The film involves two out-of-luck Texas Rangers who must arrest an old friend turned outlaw. The supporting cast features Lloyd Nolan, Edward Ellis, Jean Parker, and George "Gabby" Hayes. In February 2020, the film was shown at the 70th Berlin International Film Festival, as part of a retrospective dedicated to King Vidor's career.[4]
Sam, Jim and "Wahoo" are outlaws with a sweet racket. Wahoo is a stagecoach driver who feeds information of routes and cargoes of stagecoaches to his outlaw confederates Sam and Jim, who rob the stage and shoot at Wahoo to prove he has nothing to do with the robberies. The three split up one night when lawmen surround their camp and they make their escape but Sam is nowhere to be found.
Wahoo and Jim continue their racket until one day a Texas Ranger rides shotgun on the couch next to Wahoo. Jim is supposed to rob the stage when the stagecoach stops to water their mules but Wahoo has a feeling about the Ranger and won't let Jim rob the stage, instead bundling a mystified Jim on board as a paying passenger. Wahoo and Jim realise their lives have been saved when the Ranger quickly kills two other robbers.
Needing money and impressed by the Ranger's reputation, Jim and Wahoo join the Rangers with the pair planning to use the position to enrich themselves. When sent to locate cattle rustlers Jim and Wahoo discover they are led by Sam who agrees that teaming up to work both ends against the middle will make all of them rich. However Wahoo and Jim begin to have second thoughts when they take on a group of hostile Indians who have murdered the family of young David whom they look after. Jim gets a strong reputation among the Rangers when he saves their company from annihilation by a large Apache war party. Jim becomes so trusted he is sent to singlehandedly[5] brings a murdering town boss by arresting and prosecuting him.

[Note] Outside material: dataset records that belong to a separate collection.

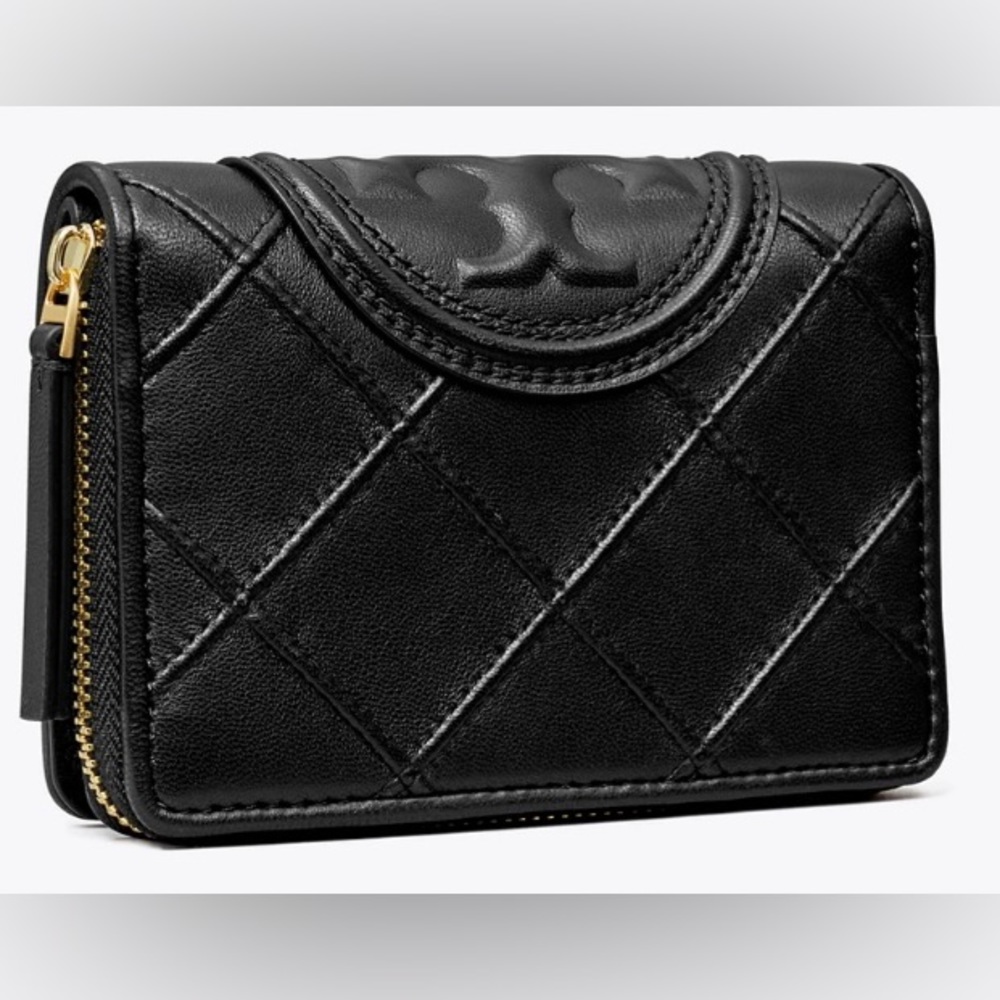 Tory Burch Fleming Soft Bi-Fold Wallet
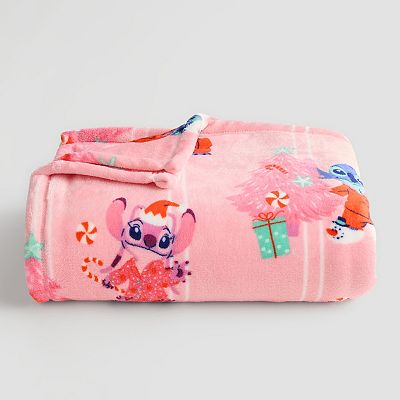 7303632_Stitch_Holiday?wid=400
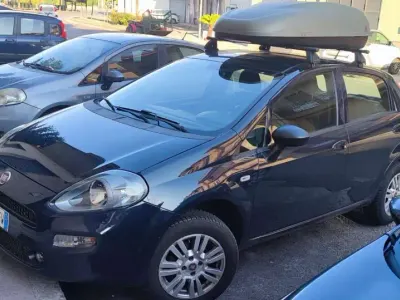 Usata Fiat Punto Lounge 69 CV (50 kW) 2016 Blu/azzurro Utilitaria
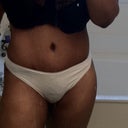 flat and no stretch marks!!!! not one ;)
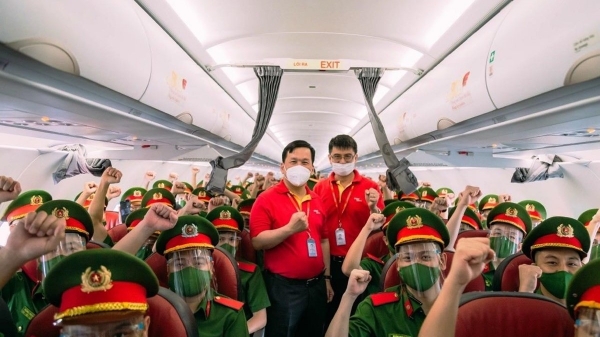 Vietjet flies nearly 1,000 policemen to support HCM City’s COVID-19 fight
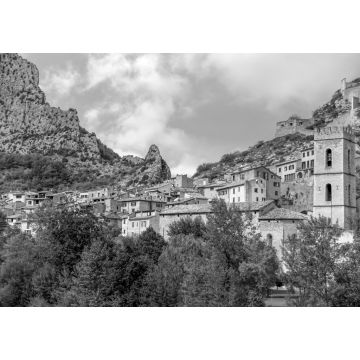 Lais Puzzle - Kleine französische mittelalterliche Stadt zwischen zwei felsigen Hügeln und dem Fluss Var, Gemeinde Entrevaux, Region Provence-Alpes-Côte d'Azur in schwarz weiß - 1.000 Teile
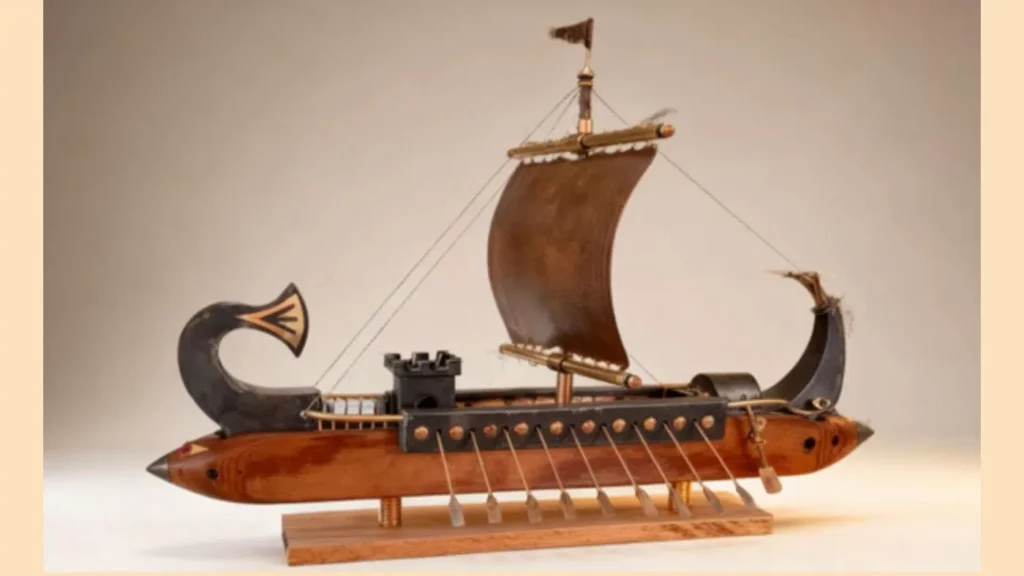 Bateau phénicien sculpté en métal recyclé avec proue, poupe et tour de guet forgés à la main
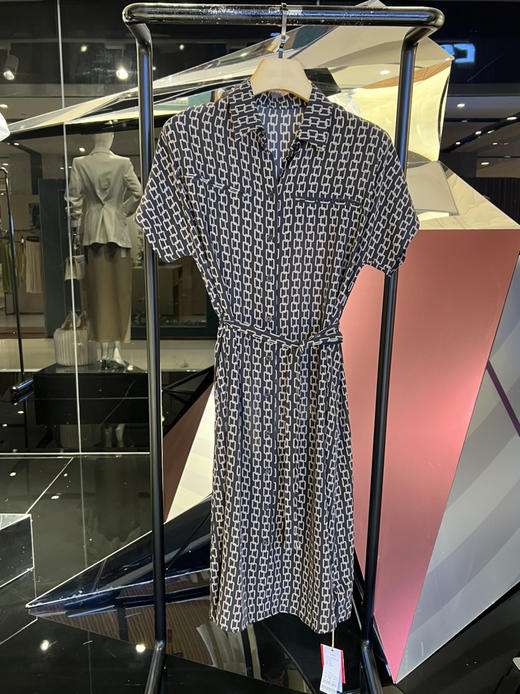 女士真丝环环相扣连衣裙 商品图0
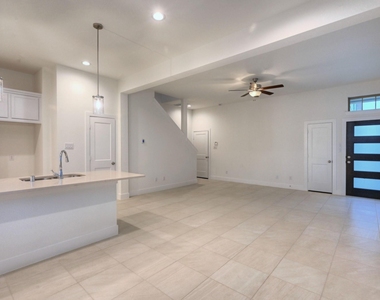 1535 Crystal Stream Drive - Photo Thumbnail 17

Jim originally plans to install Sam as the new town boss but changes his mind and has Sam promise to leave the area.
Sam begins a reign of terror but Jim seems too noticeably reluctant to bring him to justice.
Writing for The Spectator in 1936, Graham Greene gave the film a neutral review. While favorably comparing King Vidor's direction to D. W. Griffith, Greene noted that "the story gets in the way" effectively reducing the epic quality of the drama.[6]
The film was followed by a sequel in 1940 called The Texas Rangers Ride Again with a new cast. The film was also remade in 1949 as Streets of Laredo.